Нерукоподаваемые
В конце мы будем помнить не слова наших врагов, но молчание наших друзей.
Мартин Лютер Кинг
Не очень ловкое словечко — нерукоподаваемые. Но, к сожалению, все синонимы к нему находятся почти что на грани приличия. Впрочем, все равно придумал это слово не я, а Людмила Нарусова, вдова Анатолия Собчака.
В недавнем интервью газете «Известия» она сказала, что «исстари человек, оклеветавший другого, предавший, становился нерукоподаваемым для русского интеллигента. Элита не принимала таких. Ибо интеллигентность — это нравственная категория, а не принадлежность к какой-то профессии и не образовательный ценз. И наблюдать, как теперешняя интеллигенция рукоплещет нерукоподаваемым, больно».

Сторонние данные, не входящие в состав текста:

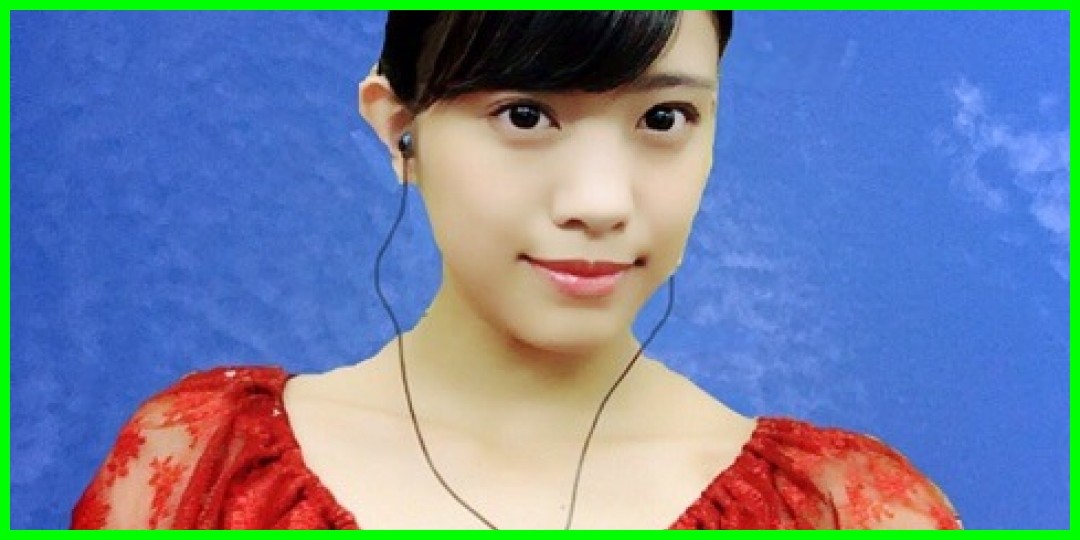 高木紗友希<!--zzz高木紗友希/岸本ゆめの/zzz-->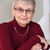 Lorraine Johnston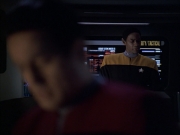 Filename=extant_StarTrek_VOY_6x07-DragonsTeeth_00335.jpg
Filesize=130KiB
Dimensions=1200x900
Date added=Dec 27, 2019 extant_StarTrek_VOY_6x07-DragonsTeeth_00335.jpg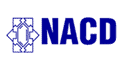 logo National Association of Chemical Distributors
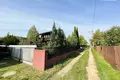 House 114 m² Nieharelski sielski Saviet, Belarus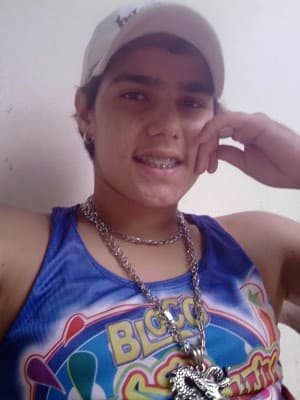 Jovem de 16 anos é morta em crime homofóbico em Goiás, diz delegado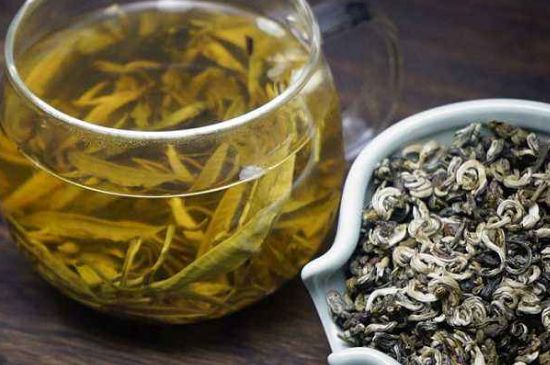 茉莉龍珠保質期多長時間，茉莉龍珠茶放幾年了還能喝嗎？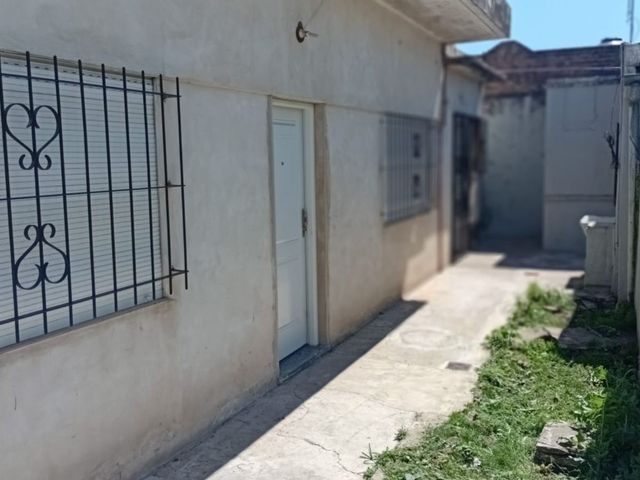 place photo 13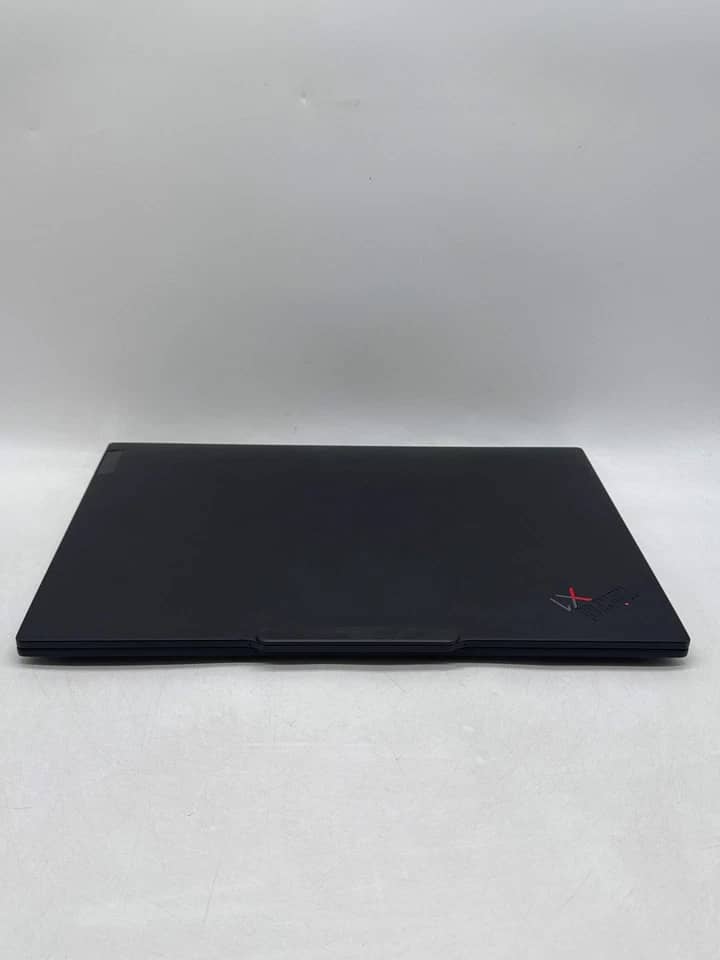 Lenovo ThinkPad X1 Carbon Gen 12 Computers 1TB 16GB New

Последнее десятилетие освободило нас, но многое освободило и в нас. Теперь стали говорить и писать открыто то, что раньше шептали за углом либо писали в доносах в парткомы. Стало возможнымделать то, чего даже по советской морали стеснялись. Да, та мораль была в чем-то и фальшивой, но одновременно и сдерживающей.
Теперь тайное стало явным. Но обнаружился в обществе дефицит мужества. Один может сказать даже с трибуны любую гадость, а другим — неудобно. Настолько неудобно, что они стесняются назвать низость низостью.
Стесняются показать свое отношение к ней. И суетливо, а чаще просто не задумываясь, пожимают руку человека, поступившего так, как сами они поступить возможным не считают.
Не графья, понятно. Все мы не графья. Но могу признаться, наберется к началу седьмого десятка моей жизни человек пять или десять, которым я не подаю руки. Не считаю возможным.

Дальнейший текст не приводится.